The term “medical gaslighting” is used to describe patients who have felt that their symptoms were arbitrarily dismissed as insignificant or labeled as primarily psychological by clinicians. According to the New York Times, the term comes from a play titled “gas light”in which a husband tries to drive his wife crazy.
Who is most affected by medical gaslighting?
According to the Times, many women have experienced medical manipulation when their doctors blamed his mental health for the symptoms, weight or lack of personal care. Which often results in delayed diagnosis and treatment.
Take Karen Lutfey Spencer, a researcher studying medical decision-making at the University of Colorado, Denver. She discovered that women were twice as likely as men to be diagnosed with a mental illness while experiencing common symptoms of heart disease.
More generally, research suggests that women are more likely to receive a misdiagnosis than men in many situations.
In addition, women wait longer to receive a diagnosis from a variety of conditions, including cancer and heart disease, and are less likely to receive pain medication.
People are also affected by medical gaslighting
Research has also shown that People of color they often receive lower-quality care and that doctors are more likely to describe black patients as uncooperative or non-compliant. This can have a negative impact on the quality of treatment received.
“We know that women, and especially women of color, are often diagnosed and treated differently by doctors than men, even when they have the same health conditions,” Spencer said.
A recent survey, commissioned by athenahealth, found that 64% of women surveyed reported an increase in stress levels and anxiety during the Covid-19 pandemic, with 52% saying their anxiety resulted in a physical health problem, such as poor eating and exercise habits.
However, according to the survey, 54% of women and 67% of millennials said they had health problems that they didn’t tell their doctor about because they didn’t want to seem anxious, dramatic, or silly.
According to Chloe Bird, a senior sociologist studying women’s health at Pardee RANDs Graduate School. The women may be misdiagnosed more than men because scientists know much less about the femenine body despite “biological differences that boil down to the cellular level.”

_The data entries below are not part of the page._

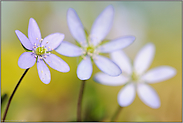 Staffelung... Leberblümchen *Anemone hepatica*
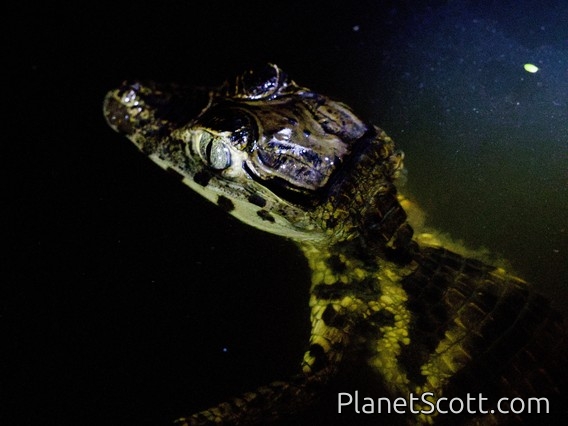Yacare Caiman (Caiman yacare)
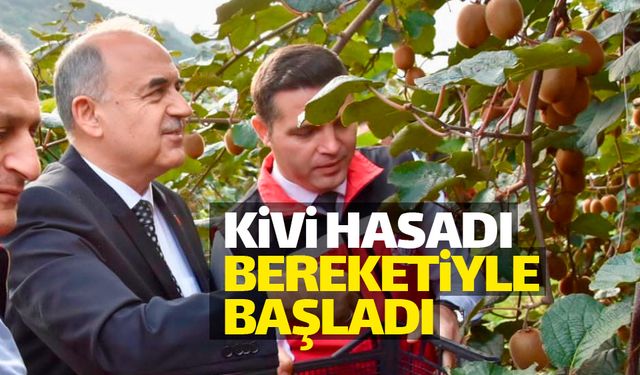 Yeni kivi hasat sezonu bereketiyle başladı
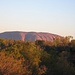 Der Uluru im Abendlicht, vom Zeltplatz in Yulara aus gesehen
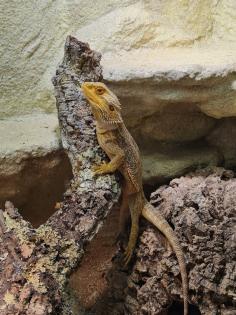 Bartagame m mit großem Terrarium Quarantäneterrarium inkl. Beleuchtung und viel Zubehör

The case of clinical trials…
In 1977, the FDA began recommending that scientists excluded women of childbearing age from the first clinical drug trials. This, for fear of possible harm to the fetus if a participant became pregnant. In addition, the researchers were concerned that the hormonal fluctuations could interfere with the study results.

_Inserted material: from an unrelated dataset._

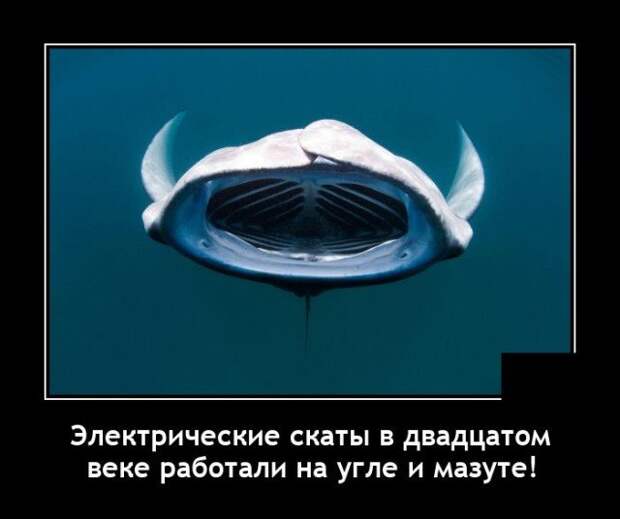 Демотиватор про скатов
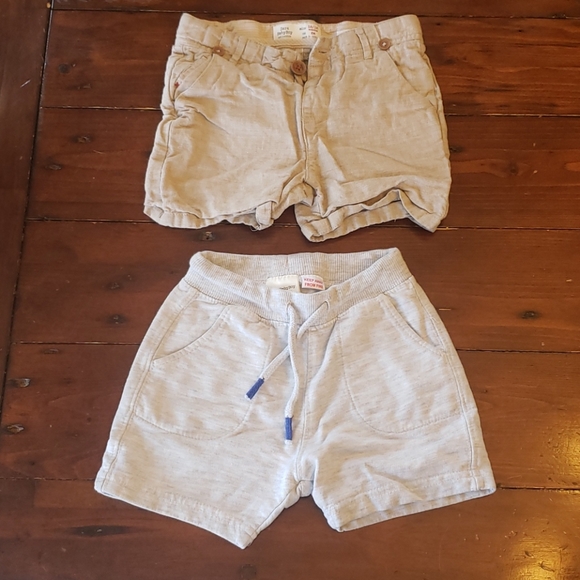Zara Shorts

However, a law passed in 1993 required that women and minorities be included in all NIH-funded medical research. Even though women are included in more studies todaythere are still significant knowledge gaps.
How to improve care
Many experts agree that it is difficult to determine the best way to address such systemic problems as gaslighting, reports the Times. However, some scientists have argued that at least more research focused on women’s health conditions.
According to Spencer, doctors They should be able to spend more time with their patients.
Doctors often work in difficult conditions that can “make it easy to make mistakes and oversights,” Spencer said. “It’s like a gauntlet of problematic systems and processes that invite bias.”
The researchers have called for a further training in medical school about unconscious bias and racism in the health care industry.